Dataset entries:
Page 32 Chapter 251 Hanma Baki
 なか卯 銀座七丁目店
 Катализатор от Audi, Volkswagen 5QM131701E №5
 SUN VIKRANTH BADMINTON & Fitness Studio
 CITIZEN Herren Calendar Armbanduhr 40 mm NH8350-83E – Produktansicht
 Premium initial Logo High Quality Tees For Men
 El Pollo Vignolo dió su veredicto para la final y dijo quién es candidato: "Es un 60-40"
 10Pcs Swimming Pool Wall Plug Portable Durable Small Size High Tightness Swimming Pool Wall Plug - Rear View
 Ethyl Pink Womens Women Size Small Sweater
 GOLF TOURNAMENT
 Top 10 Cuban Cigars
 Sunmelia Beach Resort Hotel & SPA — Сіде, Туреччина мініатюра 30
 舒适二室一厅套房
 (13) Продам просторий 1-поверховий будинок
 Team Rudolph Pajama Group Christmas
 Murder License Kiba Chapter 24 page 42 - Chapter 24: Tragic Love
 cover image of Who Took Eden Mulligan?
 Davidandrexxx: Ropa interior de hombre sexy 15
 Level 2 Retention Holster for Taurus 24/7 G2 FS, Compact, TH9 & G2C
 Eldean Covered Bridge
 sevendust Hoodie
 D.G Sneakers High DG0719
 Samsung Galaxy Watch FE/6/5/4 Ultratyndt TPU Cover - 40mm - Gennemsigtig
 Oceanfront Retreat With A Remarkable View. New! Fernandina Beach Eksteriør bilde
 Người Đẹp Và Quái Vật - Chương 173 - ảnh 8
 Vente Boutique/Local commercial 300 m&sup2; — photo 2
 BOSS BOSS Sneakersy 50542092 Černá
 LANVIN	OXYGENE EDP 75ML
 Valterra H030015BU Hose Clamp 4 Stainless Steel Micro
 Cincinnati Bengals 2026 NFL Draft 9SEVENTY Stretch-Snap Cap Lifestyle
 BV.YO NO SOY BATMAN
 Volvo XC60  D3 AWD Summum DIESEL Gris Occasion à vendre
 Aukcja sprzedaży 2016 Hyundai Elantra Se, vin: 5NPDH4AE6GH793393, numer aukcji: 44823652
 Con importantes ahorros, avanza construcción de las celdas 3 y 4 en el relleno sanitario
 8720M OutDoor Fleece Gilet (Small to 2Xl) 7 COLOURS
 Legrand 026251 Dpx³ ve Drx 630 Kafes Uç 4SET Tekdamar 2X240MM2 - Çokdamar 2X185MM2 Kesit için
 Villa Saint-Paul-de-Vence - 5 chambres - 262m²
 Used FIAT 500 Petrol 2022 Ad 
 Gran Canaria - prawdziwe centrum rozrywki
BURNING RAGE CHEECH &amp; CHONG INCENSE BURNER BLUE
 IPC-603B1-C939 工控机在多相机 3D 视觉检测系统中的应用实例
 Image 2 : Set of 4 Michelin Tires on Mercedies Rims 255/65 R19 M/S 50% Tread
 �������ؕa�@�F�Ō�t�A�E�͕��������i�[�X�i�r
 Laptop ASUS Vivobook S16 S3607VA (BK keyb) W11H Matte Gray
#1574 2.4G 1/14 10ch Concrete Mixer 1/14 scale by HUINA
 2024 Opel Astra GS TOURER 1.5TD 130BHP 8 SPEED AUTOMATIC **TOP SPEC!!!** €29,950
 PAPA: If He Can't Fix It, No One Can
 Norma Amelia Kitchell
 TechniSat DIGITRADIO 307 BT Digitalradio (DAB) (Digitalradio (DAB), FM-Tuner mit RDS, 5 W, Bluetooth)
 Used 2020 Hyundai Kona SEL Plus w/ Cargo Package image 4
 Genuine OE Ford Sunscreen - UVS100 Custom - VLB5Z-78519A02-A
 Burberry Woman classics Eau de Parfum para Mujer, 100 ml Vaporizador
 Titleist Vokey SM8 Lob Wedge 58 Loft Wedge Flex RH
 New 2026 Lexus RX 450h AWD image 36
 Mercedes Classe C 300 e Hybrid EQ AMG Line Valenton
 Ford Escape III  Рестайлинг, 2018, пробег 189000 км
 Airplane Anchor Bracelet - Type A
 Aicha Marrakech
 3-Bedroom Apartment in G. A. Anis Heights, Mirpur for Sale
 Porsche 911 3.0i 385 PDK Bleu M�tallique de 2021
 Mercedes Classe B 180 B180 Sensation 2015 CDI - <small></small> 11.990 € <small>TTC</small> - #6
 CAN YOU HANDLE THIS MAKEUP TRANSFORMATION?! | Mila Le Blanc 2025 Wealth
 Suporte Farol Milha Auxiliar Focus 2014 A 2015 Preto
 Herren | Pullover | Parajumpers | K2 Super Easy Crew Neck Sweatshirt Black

= EXERCISE OBJECTIVE =
Please write out, exactly as they appear above, only the lines in the stretch from the line with "Level 2 Retention" through the line with "Oceanfront Retreat With".

= REPLY =
 Level 2 Retention Holster for Taurus 24/7 G2 FS, Compact, TH9 & G2C
 Eldean Covered Bridge
 sevendust Hoodie
 D.G Sneakers High DG0719
 Samsung Galaxy Watch FE/6/5/4 Ultratyndt TPU Cover - 40mm - Gennemsigtig
 Oceanfront Retreat With A Remarkable View. New! Fernandina Beach Eksteriør bilde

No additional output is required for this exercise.